◆ Exercise objective ◆
Leaving the pictures aside, return all of the data below exactly.

◆ Supplied data ◆
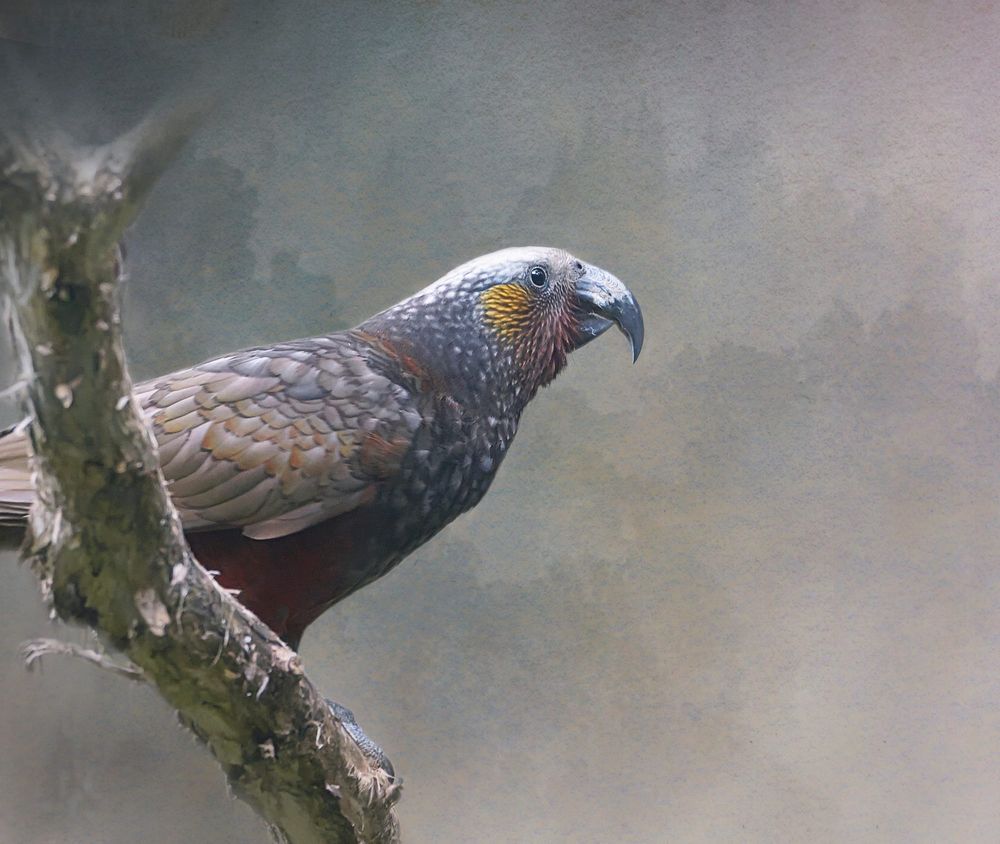 Kākā post image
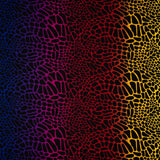 Multicolor Safari Spots Printed Nylon Spandex Fabric - Multicolor Safari Spots, 55/56" Width (1 Yard)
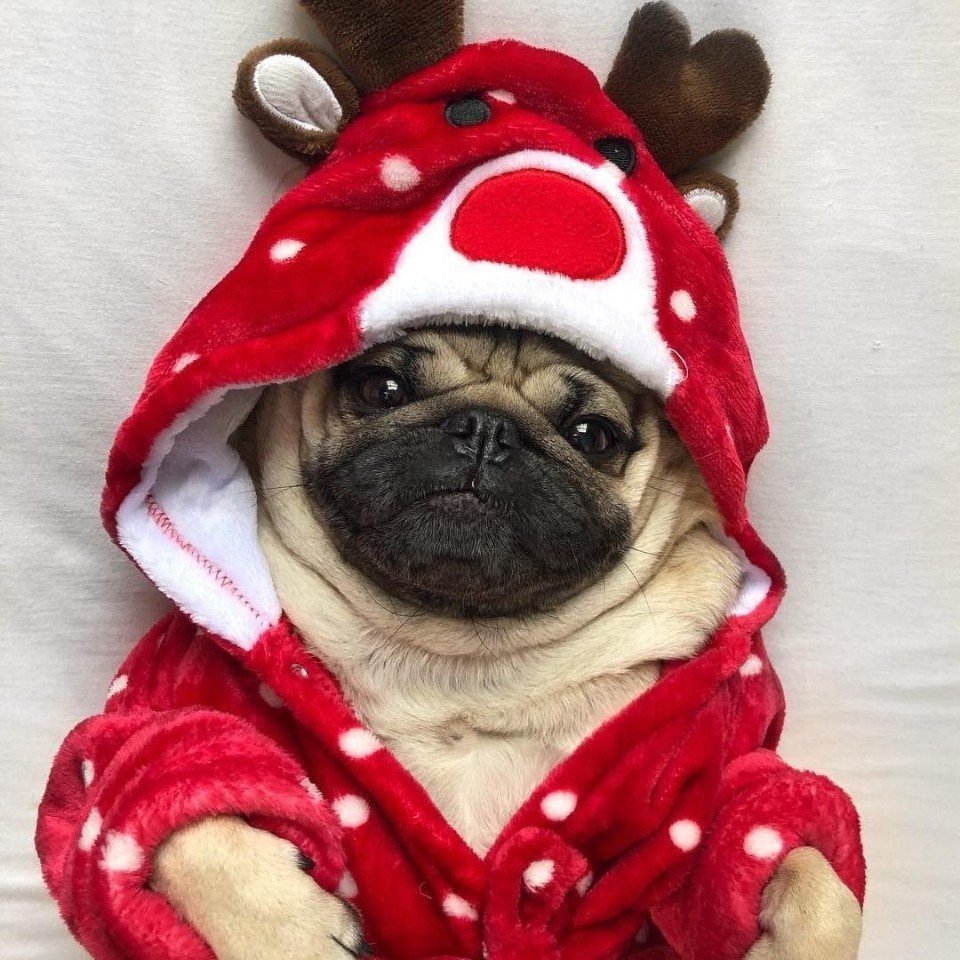 Милые мопсы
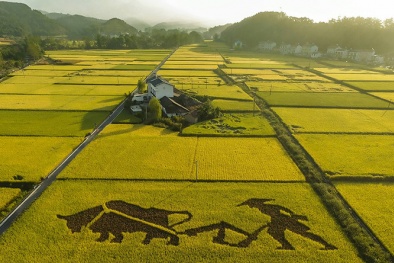 Kỳ lạ giống 'lúa biển' chịu mặn có thể cứu sống 80 triệu dân Trung Quốc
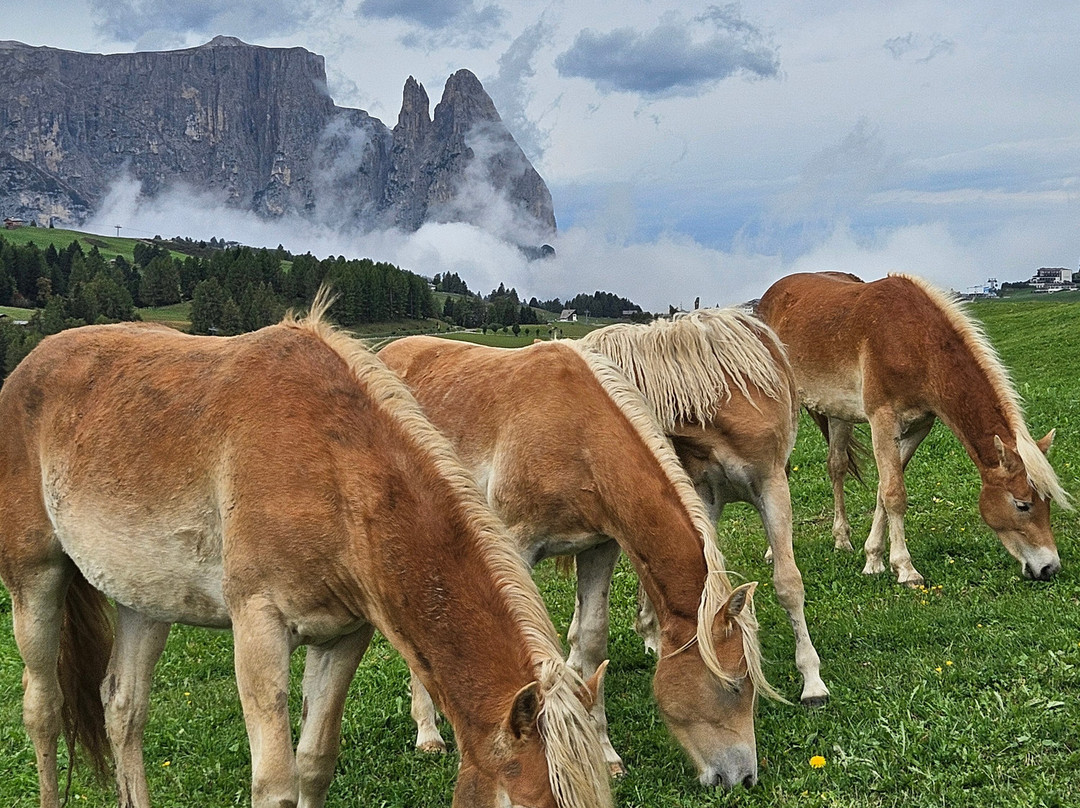 Seiser Alm - Alpe di Siusi-Alpe di Siusi必去景点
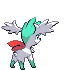 Back Shiny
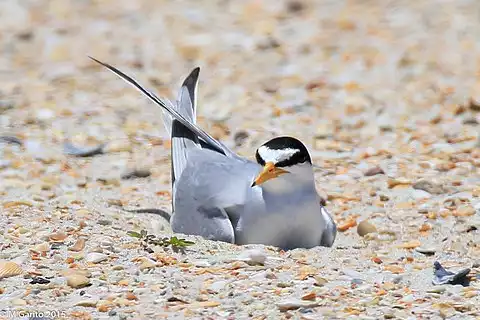 Image of Least Tern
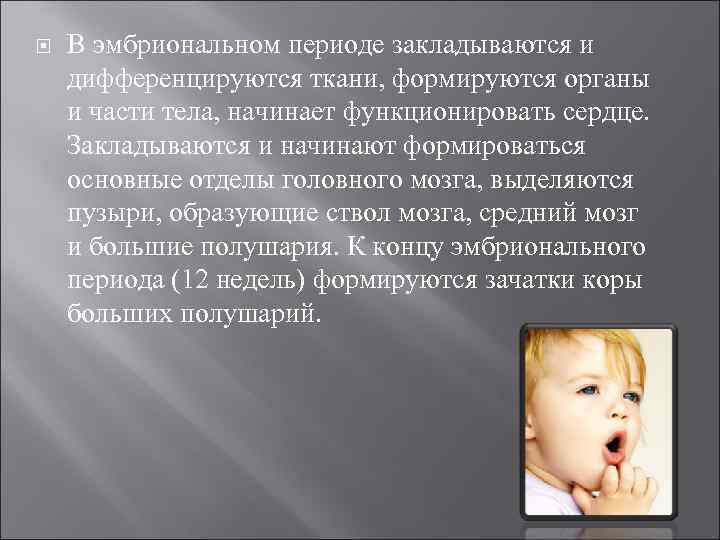  В эмбриональном периоде закладываются и дифференцируются ткани, формируются органы и части тела, начинает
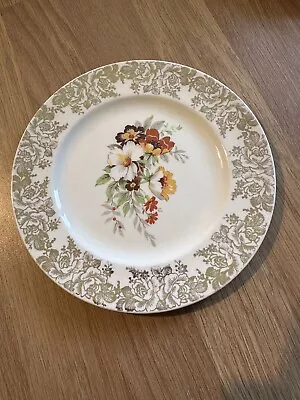 Buy Rare Alfred Meakin Decorative Plate • 20£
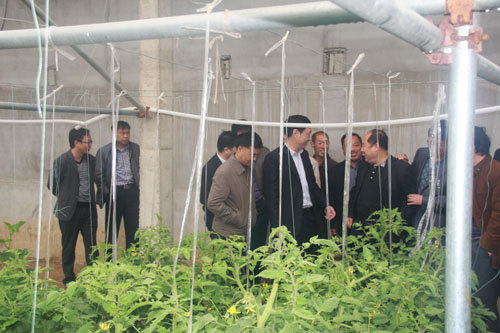 領導組在杏坪鎮(zhèn)新型農(nóng)業(yè)蔬菜種植基地觀摩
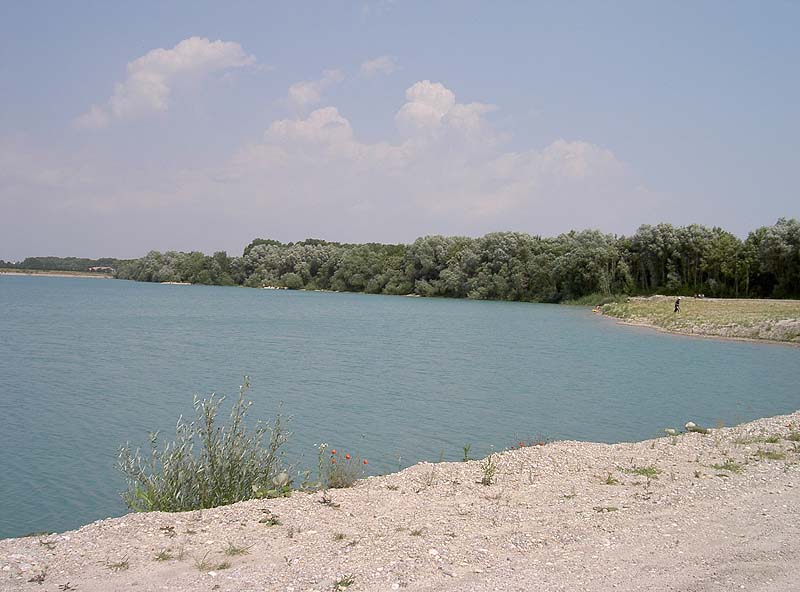 Pullinger Weiher (Pulling, Bayern)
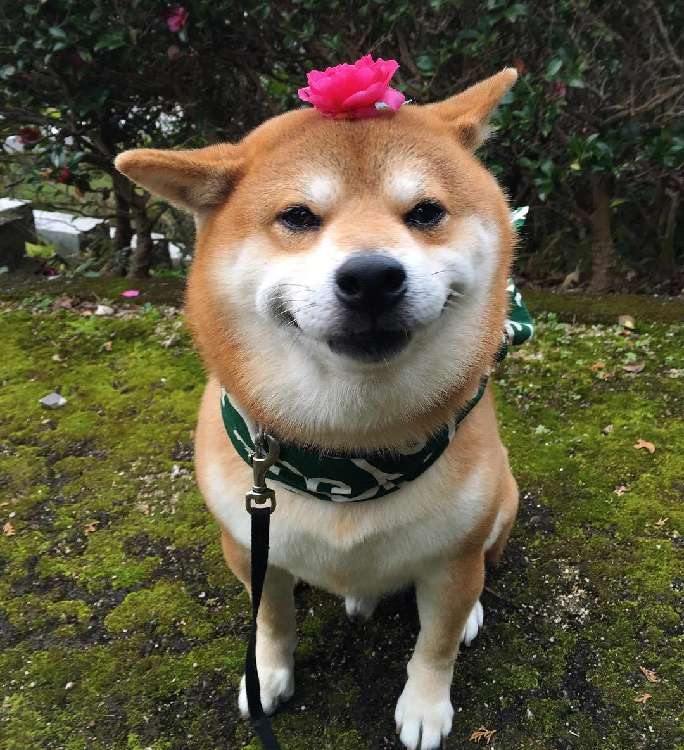 動物,犬,猫,しつけ,飼い方,育て方,病気,健康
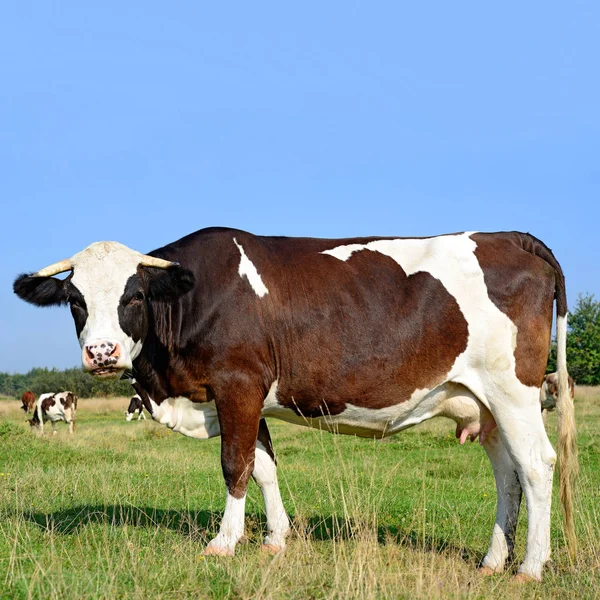 Vaca Pasto Verano Día Soleado —  Fotos de Stock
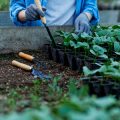 リビングや玄関におすすめの風水観葉植物と、その配置方法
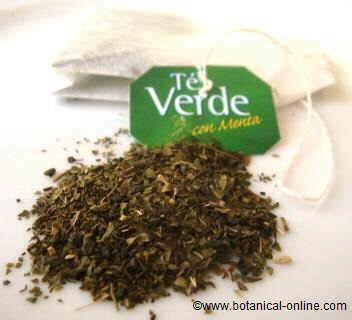 Toxicidad Del T Verde Botanical Online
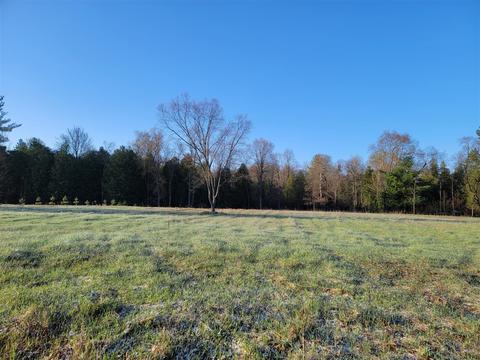 3 08 Acres Wilderness, Kaleva, MI 49645 photo 9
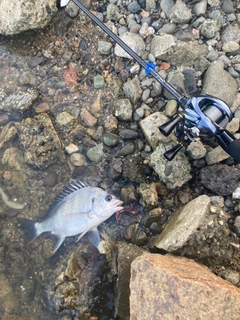 キビレの釣果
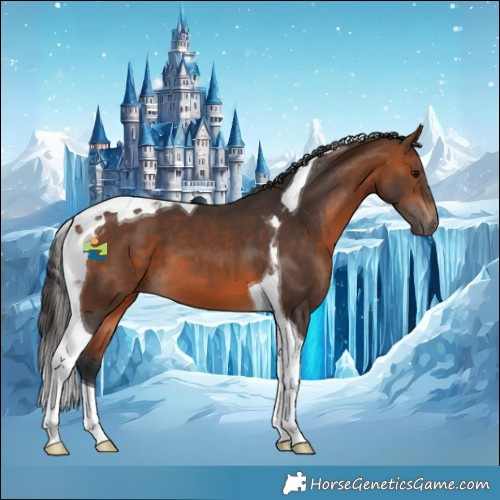 Horse Color:Bay Tobiano 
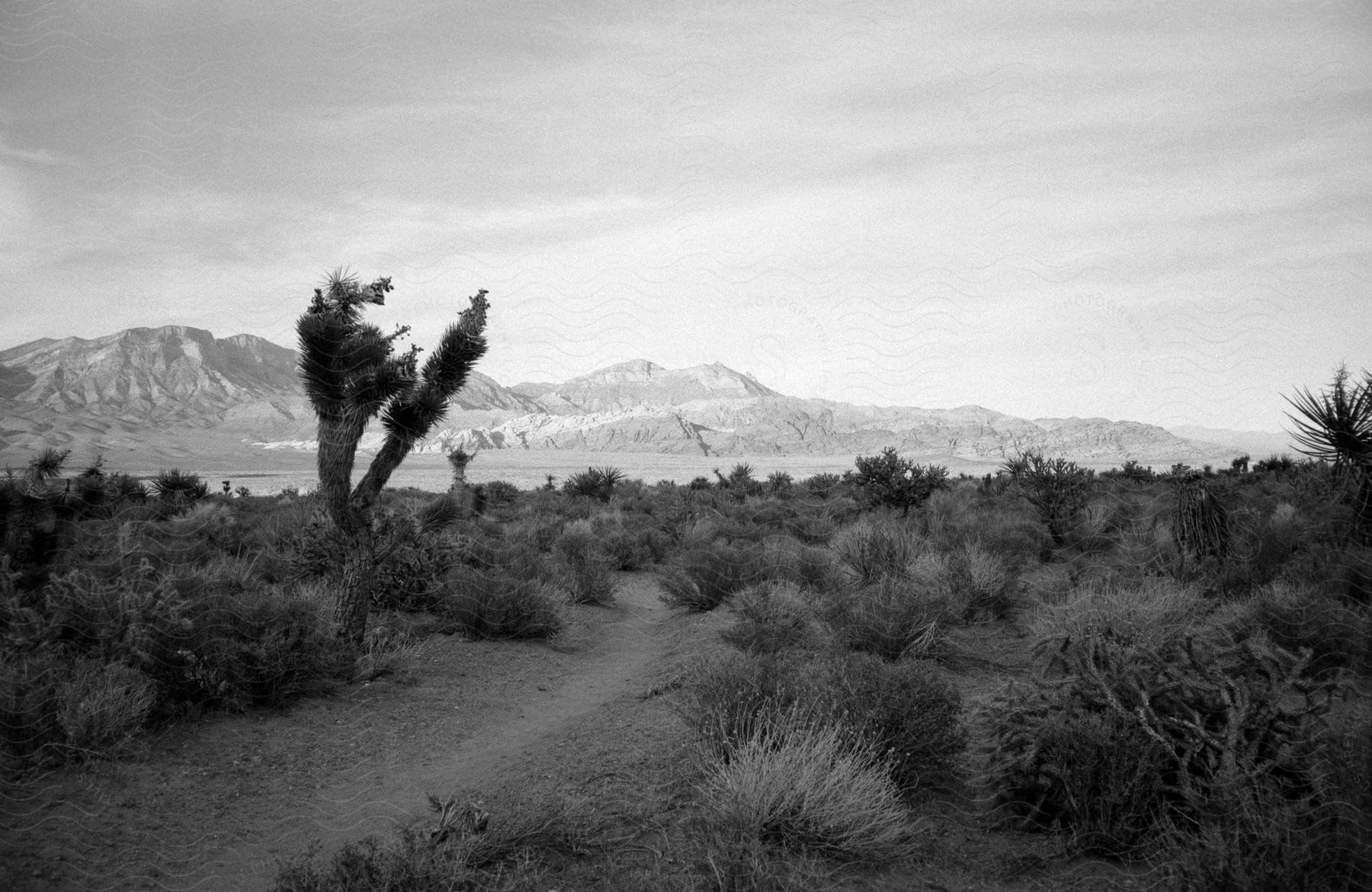 A black and white desert landscape with mountains in the background a cloudy sky tumbleweeds bushes and a dirt path in red rock canyon las vegas nv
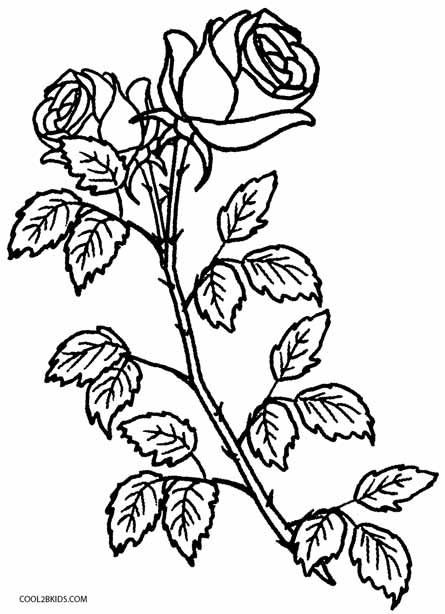 445x614 Printable Rose Coloring Pages For Kids Flowers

◆ Exercise result ◆
 Kākā post image
 Multicolor Safari Spots Printed Nylon Spandex Fabric - Multicolor Safari Spots, 55/56" Width (1 Yard)
 Милые мопсы
 Kỳ lạ giống 'lúa biển' chịu mặn có thể cứu sống 80 triệu dân Trung Quốc
 Seiser Alm - Alpe di Siusi-Alpe di Siusi必去景点
 Back Shiny
 Image of Least Tern
  В эмбриональном периоде закладываются и дифференцируются ткани, формируются органы и части тела, начинает
 Buy Rare Alfred Meakin Decorative Plate • 20£
 領導組在杏坪鎮(zhèn)新型農(nóng)業(yè)蔬菜種植基地觀摩
 Pullinger Weiher (Pulling, Bayern)
 動物,犬,猫,しつけ,飼い方,育て方,病気,健康
 Vaca Pasto Verano Día Soleado —  Fotos de Stock
 リビングや玄関におすすめの風水観葉植物と、その配置方法
 Toxicidad Del T Verde Botanical Online
 3 08 Acres Wilderness, Kaleva, MI 49645 photo 9
 キビレの釣果
 Horse Color:Bay Tobiano 
 A black and white desert landscape with mountains in the background a cloudy sky tumbleweeds bushes and a dirt path in red rock canyon las vegas nv
 445x614 Printable Rose Coloring Pages For Kids Flowers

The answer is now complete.